The Ahousaht First Nation, a small native community off the coast of Vancouver Island, is known for being the home of Shawn Atleo, the chief of the Assembly of First Nations. But yesterday it earned a dubious distinction: the home of what some medical experts say is Canada's first H1N1 pandemic outbreak of the fall flu season.
The virus disproportionately affected aboriginal people in the spring, and the most recent cluster of cases not only signals the toll it could take on natives but also that the flu season may have arrived early in Canada.
The influenza cluster on the Ahousaht First Nation sickened more than 100 residents of the remote reserve, north of Tofino. Roughly 10 per cent of the reserve's population had flu-like symptoms late last month. The local chief's one-year-old grandson was so ill, he could barely breathe.
A physician told the Canadian Medical Association Journal that the province's public health lab in Vancouver instructed him to stop sending swabs.
The lab had confirmed that all of the samples he forwarded were positive for the H1N1 virus.
"We weren't expecting [the virus] till October," Curtis Dick, deputy chief counsellor and emergency co-ordinator for the Ahousaht First Nation, said yesterday. "I was very surprised."
Mr. Atleo commended his community in its handling of the outbreak and the execution of its pandemic plan. "However, there is an immediate need to ensure all first nations across Canada have the information, tools and human resources needed," he said in a statement.
Native leaders fear their communities are among the least prepared for a resurgence of the H1N1 flu virus, and have criticized the federal government for not properly responding to their needs. Tensions flared this week when remote Manitoba reserves received a shipment of body bags from Health Canada, a dire prediction, leaders said, of what Ottawa expects will happen to natives during this flu season.
The Vancouver Island Health Authority said the cases in Ahousaht were mild, but the reserve's chief councillor, John Frank, said that after watching his grandson get sick 10 days ago, more help is needed.
The hospital in Tofino had no room, he said. And the reserve's nursing station is closed on weekends. His grandson pulled through, but he fears the virus could get stronger and infect more people in his community.
"We need infrastructure that's going to be there to look after us," Mr. Frank said yesterday. "We need to be vigilant and make sure we're open and supporting one another the way we need to do."
Health authorities say there were six laboratory-confirmed H1N1 cases in Ahousaht, a reserve accessible only by water or air.
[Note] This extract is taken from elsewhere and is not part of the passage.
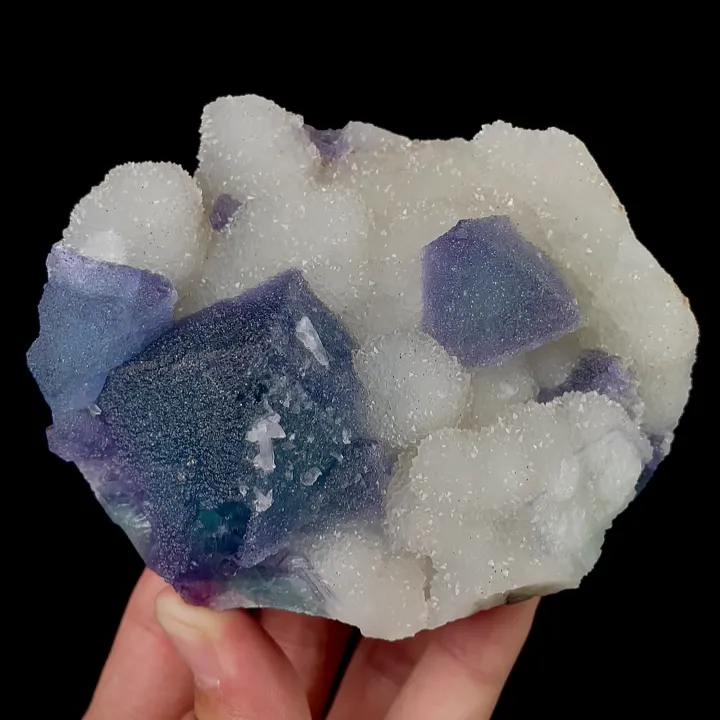 Natural Sugar Fluorite, Mineral Specimen:Fujian,China (95*80*45MM) - image 5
They say the cases were mild, which conflicts with a CMAJ article yesterday that said an infant and an adult over 50 required hospitalization.
The journal article concluded that remote aboriginal communities on Vancouver Island, including Ahousaht, were suffering the first pandemic outbreak of the coming flu season.
Health officials yesterday disagreed, saying they have been seeing sporadic cases all summer long.
Charmaine Enns, the northern island medical health officer and the medical director for aboriginal health for the Vancouver Island Health Authority, said the flu cases on the Ahousaht reserve have plateaued.
"Ahousaht is doing very well. Ahousaht has had excellent leadership. They have a pandemic plan. Their response has been robust," Dr. Enns said in a news conference yesterday.
But the public health authority may have another cluster on its hands, this time in Beecher Bay, a native community just outside of Victoria.
An aboriginal woman was taken to hospital Sept. 12 with the H1N1 virus and died Wednesday. She had underlying health conditions. A child from the community remains in hospital. Public health authorities have taken samples from people in the community, but they suspect the pandemic virus is circulating on the reserve.
"H1N1 started in British Columbia with an individual who arrived from Mexico back in April. It has not left us. We have had lots of cases through the summer," said Richard Stanwick, chief medical health officer for the Vancouver Island Health Authority. "We really don't have a recurrence of it. It's just that we're seeing increased numbers as anticipated by Dr. Kendall [Perry Kendall, British Columbia's chief medical officer] with school coming back."